Published online 9 October 2008 | Nature | doi:10.1038/news.2008.1162

News

Zebrafish development tracked cell by cell

Microscopic imaging reconstructs embryo's first day.

embryoFluorescence microscopy can reconstruct a digital zebrafish embryo.P. KELLER/EMBL

A new type of microscope has allowed scientists to map the behaviour and movements of cells during zebrafish (Danio rerio) embryonic development, and create a three-dimensional digital movie of the process.

The team, from the European Molecular Biology Laboratory (EMBL) in Heidelberg, Germany, says that this is the first complete developmental blueprint of a vertebrate. They think that the technique, called digital scanned laser light-sheet fluorescence microscopy (DSLM), could be applied to embryos of other vertebrates such as mice and frogs.

The researchers tracked individual cells making up the zebrafish embryo — an important model organism — with the laser microscope, which scans a sheet of light across the sample in many different directions to build up a three-dimensional picture.

Caught on camera

The embryo was monitored over 24 hours as it grew from a single cell to tens of thousands of cells. Over 400,000 images were created, providing a vast amount of data on cellular positions, movements and divisions. The results of their study are published in Science1.

Jochen Wittbrodt, a member of the EMBL team, says that these observations are "immediately useful both for research in developmental biology as well as in teaching, considering the many movies we provide to illustrate vertebrate embryogenesis. We see many direct applications of our technology: the quantitative study of mutant defects, the analysis of the level of individuality in different embryos of the same species and the establishment of comprehensive databases of organ development and tissue formation, just to name a few."

Crucially, DSLM uses around 5,000–6,000 times less light than in a confocal fluorescence microscope, thus allowing the living embryos to be observed for significantly longer periods of time without damage.

Vertebrate breakthrough

Until now, mapping the embryonic development of vertebrates has been an unfeasibly enormous task. "So far, no study has been published providing cellular-level resolution data for an entire living vertebrate embryo," says co-author Philipp Keller.

There are only two multi-cellular organisms that have been comprehensively reconstructed in this way, he says. One of them is a sea squirt (Ciona intestinalis); the other is the nematode worm (Caenorhabditis elegans), work on which won Sydney Brenner, Robert Horvitz and John Sulston the Nobel Prize in Physiology or Medicine in 2002.

"This technology, and these maps, should give vertebrate embryologists the ability to study development with the detail and subtlety that has long been available for worms," says Armand Leroi, an evolutionary developmental biologist from Imperial College London, UK, who researches the development of C.elegans.

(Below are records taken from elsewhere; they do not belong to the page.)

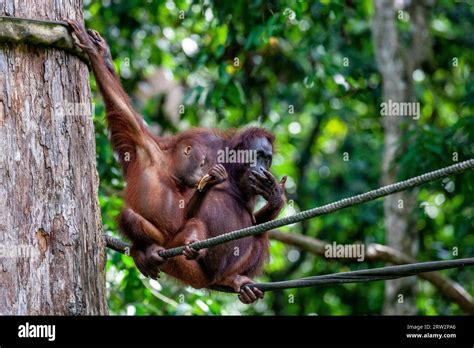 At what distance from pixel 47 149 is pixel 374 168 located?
7625mm

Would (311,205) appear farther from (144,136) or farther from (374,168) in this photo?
(144,136)

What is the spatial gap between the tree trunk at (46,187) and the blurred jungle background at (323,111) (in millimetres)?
1851

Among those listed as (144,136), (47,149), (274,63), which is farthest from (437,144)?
(47,149)

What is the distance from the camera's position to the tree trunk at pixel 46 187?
366 cm

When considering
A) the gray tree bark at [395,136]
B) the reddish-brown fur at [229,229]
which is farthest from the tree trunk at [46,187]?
the gray tree bark at [395,136]

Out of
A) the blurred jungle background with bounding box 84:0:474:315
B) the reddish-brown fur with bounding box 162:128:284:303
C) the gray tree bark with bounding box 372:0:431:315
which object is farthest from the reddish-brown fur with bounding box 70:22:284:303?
the gray tree bark with bounding box 372:0:431:315

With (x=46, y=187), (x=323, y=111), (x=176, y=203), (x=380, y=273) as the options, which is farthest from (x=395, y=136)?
(x=46, y=187)

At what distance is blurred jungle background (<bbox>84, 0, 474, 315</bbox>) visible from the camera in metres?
7.32

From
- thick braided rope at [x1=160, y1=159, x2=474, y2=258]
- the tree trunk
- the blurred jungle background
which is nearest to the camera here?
thick braided rope at [x1=160, y1=159, x2=474, y2=258]

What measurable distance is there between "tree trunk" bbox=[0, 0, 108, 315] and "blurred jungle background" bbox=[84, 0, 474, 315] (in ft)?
6.07

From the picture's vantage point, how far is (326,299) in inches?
459

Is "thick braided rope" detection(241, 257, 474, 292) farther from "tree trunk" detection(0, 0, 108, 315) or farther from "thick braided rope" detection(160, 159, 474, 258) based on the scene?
"tree trunk" detection(0, 0, 108, 315)

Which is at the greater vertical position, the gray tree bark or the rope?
the gray tree bark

"John Sulston got his Nobel not for sequencing the human genome or unravelling molecular signalling pathways, but for sitting down in front of a microscope and drawing pictures of cells. This is the same thing: just more cells — and no drawings," says Leroi. 

  • References

    1. Keller, P. J., Schmidt, A. D., Wittbrodt, J. & Stelzer, E. H. K. Science doi:10.1126/science.1162493 (2008).